At a loss on what to do, I ended up at one of my old universities, which is much bigger than my current one and has people in my field I can talk to. After talking to various friends, I sent the specific aims page to a colleague who is on one of the study sections that could have reviewed my grant. A study section that is notoriously difficult and that I have been trying to avoid like the plague. He told me bluntly that with aims like that my grant would get triaged and proceeded to point out where things were problematic. What he didn't know is that all the things he pointed out, corresponded to the passages I was struggling with in writing the research approach. The fact that he could tell from just looking at that page where the grant was lacking was terrifying and thrilling at the same time. I set up a meeting to talk about things. Decided to drop the grant and move submission to October, then spoke to another mentor, who said maybe I should just change the focus of the aims to better fit the data I have. And so the Great Aim Rewrite began.
What I have learned from it is that everyone recommends what works for them. Throughout my postdoc I had been trained to follow a very basic formula "Our preliminary data show that....leading to our hypothesis that....We will prove this hypothesis by...(using bullets and listing specific experiments)" My mentor who had multiple millions in grant money swore by it. I've had an 80% success rate.

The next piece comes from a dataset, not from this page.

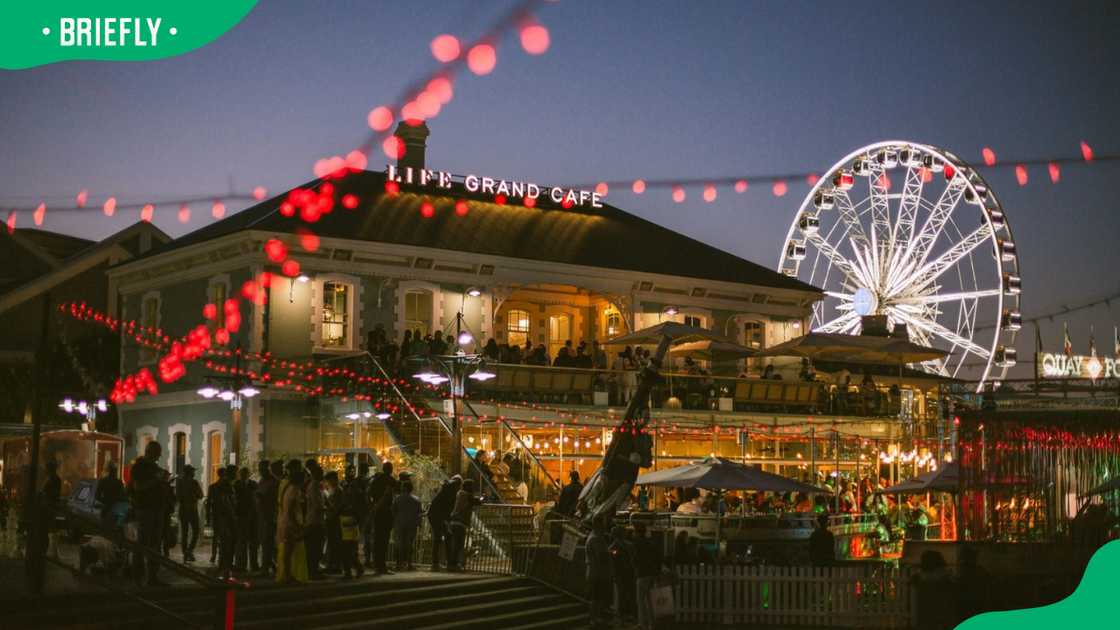 Life Grand Café Life Grand Café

Someone told me to write more experimental detail summarizing the grant, someone else told me to remove all experimental detail and outline the big questions I would answer. Someone said the title of the aims was supposed be like the title of a figure legend. No, a question! Why was it not a goal to reflect the fact that it was an aim? I wrote and rewrote and reformatted. Then I tried tie breakers. I sent an experimental and a non-experimental version to a former mentor who used to have 5 R01s (yes, at once). Which one did she like best? The big picture one. Completely extricating myself from experimental detail literally makes my skin crawl, so I left at least one sentence per aim saying what I was going to do. But most space was taken up by framing the question and the hypothesis, and by saying how the results would push the field forward. With as much specificity as I could muster.

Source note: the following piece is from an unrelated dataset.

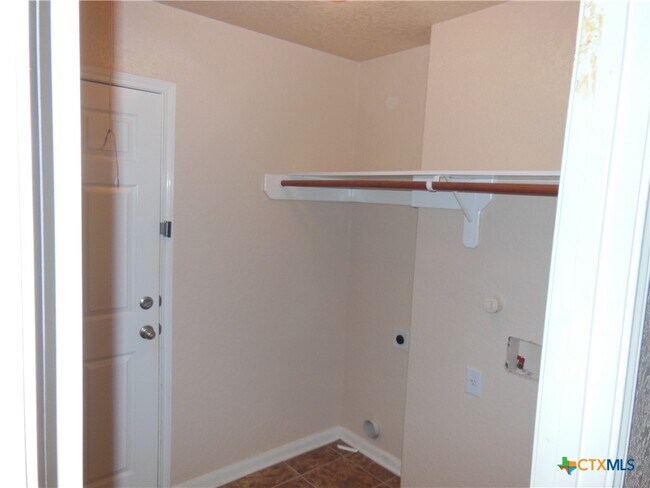 Building Photo - 455 Roadrunner Ave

The exercise was very useful because by clearly having to articulate the specific contribution and impact of each aim, I was forced to really think about how everything fit together. I mirrored the structure in the Innovation section with three primary conceptually innovative domains. Then concluded each aim with a big picture summary sentence. Is it going to be enough? Do I feel this is a killer grant? Not in the least. I think that it's a reasonable effort given the data we have at this moment. I hope not to be embarrassed and I'm just trying to get scored.

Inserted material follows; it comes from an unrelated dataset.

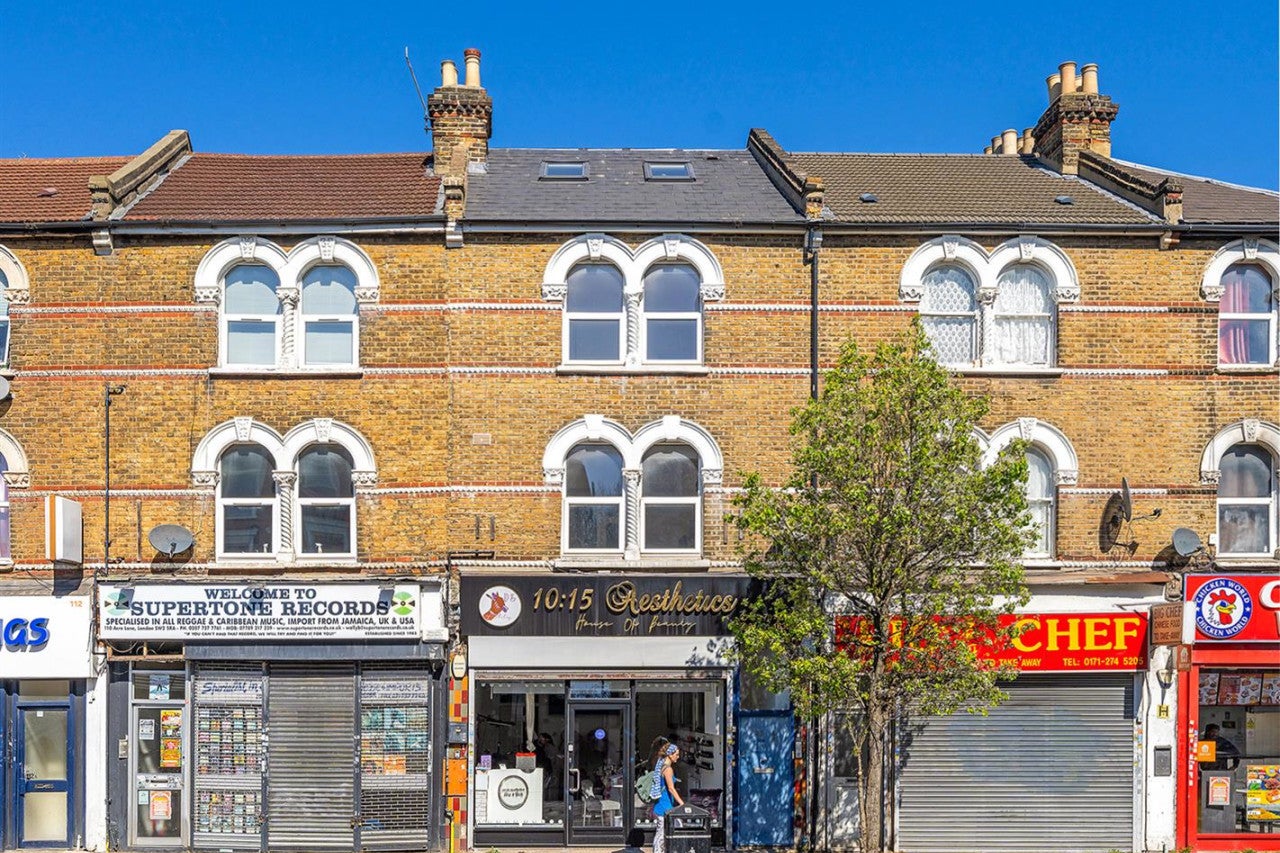 Flat Acre Lane in Greater London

When I sent the latest version of the Specific Aims to my K99 program officer, she immediately suggested the study section I wanted (not the one I dreaded), which means that my aim is true (pardon the pun). I made the strongest case I could in the cover letter and I secured two institutes for assignment. Now we just wait and see.
My recommendation is to not be bashful and send your specific aims page out to as many people as you can. Don't freak out if everyone has a favorite formula for you. I realized the whole thing is so stressful that it becomes a sort of superstition: "I was wearing this shirt when my team won, so I'll wear this shirt for every game". Whatever format you decide on, I highly recommend the exercise of writing down a sentence on how each aim fits in your field and how it will push it forward. It really helped me think about how to frame everything else.